Java in Flames

转自:https://medium.com/netflix-techblog/java-in-flames-e763b3d32166

Java mixed-mode flame graphs provide a complete visualization of CPU usage and have just been made possible by a new JDK option: -XX:+PreserveFramePointer
. We’ve been developing these at Netflix for everyday Java performance analysis as they can identify all CPU consumers and issues, including those that are hidden from other profilers.
Example
This shows CPU consumption by a Java process, both user- and kernel-level, during a vert.x benchmark:

Showing all CPU usage with Java context is amazing and useful. On the top right you can see a peak of kernel code (colored red) for performing a TCP send (which often leads to a TCP receive while handling the send). Beneath it (colored green) is the Java code responsible. In the middle (colored green) is the Java code that is running on-CPU. And in the bottom left, a small yellow tower shows CPU time spent in GC. We’ve already used Java flame graphs to quantify performance improvements between frameworks (Tomcat vs rxNetty), which included identifying time spent in Java code compilation, the Java code cache, other system libraries, and differences in kernel code execution.
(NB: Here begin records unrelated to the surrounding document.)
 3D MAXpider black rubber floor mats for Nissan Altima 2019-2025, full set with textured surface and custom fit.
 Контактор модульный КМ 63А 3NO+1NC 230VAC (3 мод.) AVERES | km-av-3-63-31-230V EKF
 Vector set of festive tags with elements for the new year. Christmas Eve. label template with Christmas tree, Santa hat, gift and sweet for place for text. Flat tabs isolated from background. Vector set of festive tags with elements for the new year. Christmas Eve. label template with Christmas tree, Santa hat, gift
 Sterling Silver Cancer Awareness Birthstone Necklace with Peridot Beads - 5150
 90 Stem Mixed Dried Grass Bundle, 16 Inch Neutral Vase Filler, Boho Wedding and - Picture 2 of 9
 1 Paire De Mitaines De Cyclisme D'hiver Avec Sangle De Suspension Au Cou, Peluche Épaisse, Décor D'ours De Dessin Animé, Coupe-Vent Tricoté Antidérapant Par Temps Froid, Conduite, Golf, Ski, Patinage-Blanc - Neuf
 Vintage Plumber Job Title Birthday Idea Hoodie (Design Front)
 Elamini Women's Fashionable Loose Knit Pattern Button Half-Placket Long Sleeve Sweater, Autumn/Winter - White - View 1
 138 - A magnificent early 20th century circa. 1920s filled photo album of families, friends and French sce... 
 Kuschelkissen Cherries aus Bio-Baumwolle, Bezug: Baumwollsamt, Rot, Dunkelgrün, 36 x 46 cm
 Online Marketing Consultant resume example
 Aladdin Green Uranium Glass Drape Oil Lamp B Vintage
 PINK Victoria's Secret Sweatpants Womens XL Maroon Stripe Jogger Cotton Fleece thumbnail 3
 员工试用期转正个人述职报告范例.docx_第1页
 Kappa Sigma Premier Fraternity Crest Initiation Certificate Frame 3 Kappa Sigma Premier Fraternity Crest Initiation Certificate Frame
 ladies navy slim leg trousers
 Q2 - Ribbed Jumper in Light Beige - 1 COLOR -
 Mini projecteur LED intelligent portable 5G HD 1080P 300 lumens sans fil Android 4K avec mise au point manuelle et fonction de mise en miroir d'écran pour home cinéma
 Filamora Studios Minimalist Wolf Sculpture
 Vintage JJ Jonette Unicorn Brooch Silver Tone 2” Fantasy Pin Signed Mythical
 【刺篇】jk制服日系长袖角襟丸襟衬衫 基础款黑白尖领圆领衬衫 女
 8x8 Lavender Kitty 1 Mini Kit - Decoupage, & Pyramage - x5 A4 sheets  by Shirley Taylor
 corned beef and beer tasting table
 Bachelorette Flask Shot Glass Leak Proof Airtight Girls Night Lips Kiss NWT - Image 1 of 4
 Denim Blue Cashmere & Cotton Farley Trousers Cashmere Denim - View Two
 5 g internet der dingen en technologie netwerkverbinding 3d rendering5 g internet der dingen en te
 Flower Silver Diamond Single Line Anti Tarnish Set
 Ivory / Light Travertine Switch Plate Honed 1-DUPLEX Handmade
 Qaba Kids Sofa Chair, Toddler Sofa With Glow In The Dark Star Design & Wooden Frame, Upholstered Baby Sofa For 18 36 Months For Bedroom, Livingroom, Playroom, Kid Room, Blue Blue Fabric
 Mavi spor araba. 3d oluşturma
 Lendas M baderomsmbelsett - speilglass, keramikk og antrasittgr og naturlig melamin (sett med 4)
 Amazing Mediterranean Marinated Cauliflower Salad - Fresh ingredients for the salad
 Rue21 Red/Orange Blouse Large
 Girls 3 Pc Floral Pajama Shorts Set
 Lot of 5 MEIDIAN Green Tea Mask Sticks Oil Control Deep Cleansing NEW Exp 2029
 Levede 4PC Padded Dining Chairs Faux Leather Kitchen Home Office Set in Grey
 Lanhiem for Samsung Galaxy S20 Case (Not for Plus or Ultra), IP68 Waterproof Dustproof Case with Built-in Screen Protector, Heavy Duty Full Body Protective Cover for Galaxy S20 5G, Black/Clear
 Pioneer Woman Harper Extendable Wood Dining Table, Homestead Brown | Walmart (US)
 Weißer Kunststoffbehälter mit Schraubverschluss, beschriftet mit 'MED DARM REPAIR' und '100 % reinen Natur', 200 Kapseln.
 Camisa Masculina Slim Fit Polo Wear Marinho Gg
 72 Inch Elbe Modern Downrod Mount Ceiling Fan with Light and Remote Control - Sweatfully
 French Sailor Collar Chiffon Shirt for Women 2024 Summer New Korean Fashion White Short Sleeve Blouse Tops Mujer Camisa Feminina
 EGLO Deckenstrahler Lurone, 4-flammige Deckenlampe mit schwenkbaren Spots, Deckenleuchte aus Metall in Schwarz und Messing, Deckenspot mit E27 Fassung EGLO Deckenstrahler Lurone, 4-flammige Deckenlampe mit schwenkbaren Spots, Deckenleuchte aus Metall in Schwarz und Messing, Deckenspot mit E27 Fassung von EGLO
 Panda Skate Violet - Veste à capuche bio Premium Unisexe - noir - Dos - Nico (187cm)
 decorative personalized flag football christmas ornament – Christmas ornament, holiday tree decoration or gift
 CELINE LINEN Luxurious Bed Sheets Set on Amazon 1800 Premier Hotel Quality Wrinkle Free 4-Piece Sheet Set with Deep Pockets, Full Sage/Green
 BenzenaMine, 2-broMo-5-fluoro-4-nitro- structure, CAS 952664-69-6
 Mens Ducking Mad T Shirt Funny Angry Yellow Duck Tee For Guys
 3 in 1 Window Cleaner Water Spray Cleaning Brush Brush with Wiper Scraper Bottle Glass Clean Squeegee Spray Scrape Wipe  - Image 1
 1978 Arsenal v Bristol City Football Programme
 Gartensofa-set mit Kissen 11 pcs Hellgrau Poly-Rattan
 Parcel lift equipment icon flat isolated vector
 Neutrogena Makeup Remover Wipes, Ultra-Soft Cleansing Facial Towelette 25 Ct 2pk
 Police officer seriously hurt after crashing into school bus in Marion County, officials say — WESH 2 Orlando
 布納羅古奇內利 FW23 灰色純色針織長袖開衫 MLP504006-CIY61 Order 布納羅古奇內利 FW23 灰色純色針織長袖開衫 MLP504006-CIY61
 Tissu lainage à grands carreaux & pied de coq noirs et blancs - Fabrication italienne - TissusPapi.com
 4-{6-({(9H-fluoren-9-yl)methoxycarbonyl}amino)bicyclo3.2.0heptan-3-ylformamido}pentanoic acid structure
All of these CPU consumers were invisible to other Java profilers, which only focus on the execution of Java methods.
Flame Graph Interpretation



If you are new to flame graphs: The y axis is stack depth, and the x axis spans the sample population. Each rectangle is a stack frame (a function), where the width shows how often it was present in the profile. The ordering from left to right is unimportant (the stacks are sorted alphabetically). In the previous example, color hue was used to highlight different code types: green for Java, yellow for C++, and red for system. Color intensity was simply randomized to differentiate frames (other color schemes are possible).



You can read the flame graph from the bottom up, which follows the flow of code from parent to child functions. Another way is top down, as the top edge shows the function running on CPU, and beneath it is its ancestry. Focus on the widest functions, which were present in the profile the most. See the CPU flame graphs page for more about interpretation, and Brendan’sUSENIX/LISA’13 talk (video):

The Problem with Profilers
In order to generate flame graphs, you need a profiler that can sample stack traces. There have historically been two types of profilers used on Java:
System profilers: such as Linux perf_events, which can profile system code paths, including libjvm internals, GC, and the kernel, but not Java methods.
JVM profilers: such as hprof, Lightweight Java Profiler (LJP), and commercial profilers. These show Java methods, but not system code paths.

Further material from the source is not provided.